Even better....I'd use one of these....

http://www.grizzly.com/products/110-220V-Paddle-On-Off-Switch/H8243

and also order part number P0555020 from them which is a box for the switch (not online and they claim it doesn't exist, however i've ordered them twice from them using this part number)

Then use a handy box with a outlet in it, i'd go with a single plug outlet so the other plug isn't getting packed with dust.


----------



## mengtian (Nov 8, 2012)

I use a foot switch
http://www.amazon.com/gp/product/B000LJNJOE/ref=oh_aui_detailpage_o02_s00?ie=UTF8&psc=1


----------



## ryan50hrl (Jun 30, 2012)

Also for wire, home depot carries this on their big wire by the foot reel....12 gauge is fine, but really overkill. 14/3 carries 15 amps just fine and all you're doing is making your wiring harder to fit in the box.
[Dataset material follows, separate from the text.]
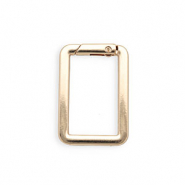 Fornituras llavero mosquetón rectangular Dorado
This wire is much more durable than any extension cord, and cheaper too. 

http://www.homedepot.com/p/Southwire-14-3-SJOOW-Black-300V-By-the-Foot-55808699/204633006

Here is the plug i'd use...I have one of these on my router table, radial arm saw, dust collector and the 220 version on my table saw. They're good quality, easy to use, and durable. 
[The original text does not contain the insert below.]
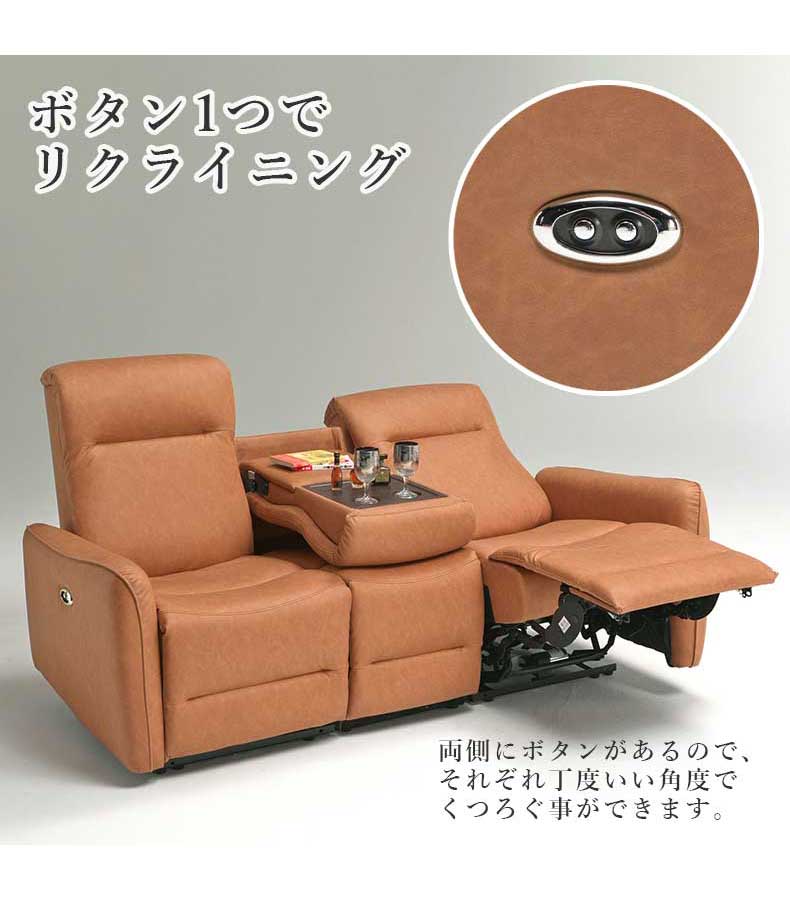 3人掛け 電動ソファ ホープの機能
http://www.homedepot.com/p/Pass-Sey...ial-Grade-Straight-Plug-PS5266XCCV4/202664475

last but not least....to use the switch I posted you'll want to pick up a pack of ring terminals to connect the wiring to the back of the switch.


----------



## MT Stringer (Jul 21, 2009)

GeorgeC said:


> I would just buy  this . Gives you the big quick "off" paddle. Thaty price is pretty cheap.
> 
> George


What George said. I have a dual router table with a pair of these and one for the router table on my table saw.


----------



## Steve Neul (Sep 2, 2011)

I just use a household light switch like you bought. In a double box I put the switch on one side and the other side I take a receptacle and break the tab that connects the two sides of the receptacle and wire one side of the receptacle to the switch and the other side just make it a hot receptacle. The router I plug into the switched side of the receptacle and turn the switch to the router on and leave it on and then operate it off the light switch.


----------



## Trav (May 30, 2011)

ryan50hrl said:


> last but not least....to use the switch I posted you'll want to pick up a pack of ring terminals to connect the wiring to the back of the switch.


This is great advice. To avoid issues down the road never land stranded wire directly on a device terminals.m. If necessary first use wire nuts to pigtail to solid wire in the box.


----------



## Alchymist (Jan 2, 2011)

I used a 4" square bos with a dual switch and a duplex receptacle, recessed in the front. Pic here:
http://www.woodworkingtalk.com/f12/progress-report-router-table-64135/#post623497

The top switch controls the router (single outlet inside the router compartment), and the bottom switch controls a single outlet in the back of the table to power the shop vac. The duplex outlet in front is live whenever the table is plugged in.


----------



## SingleCarGarage (Nov 10, 2014)

I had an old 9 foot a/c extension cord laying around and a plastic box and standard household light switch. I cut the hot lead of the cord and wired it through the box and switch. I mounted the box to the side of my homemade router table. Works for me, zero dollars in purchase parts at that time since I had them laying around. If you go buy the stuff it would be roughly 10-15 bucks in material (mostly due to the extension cord).


----------



## Al B Thayer (Dec 10, 2011)

I get one of the switches with an outlet. Add a cord with a plug. Plug the router in and the switch is ready to go. 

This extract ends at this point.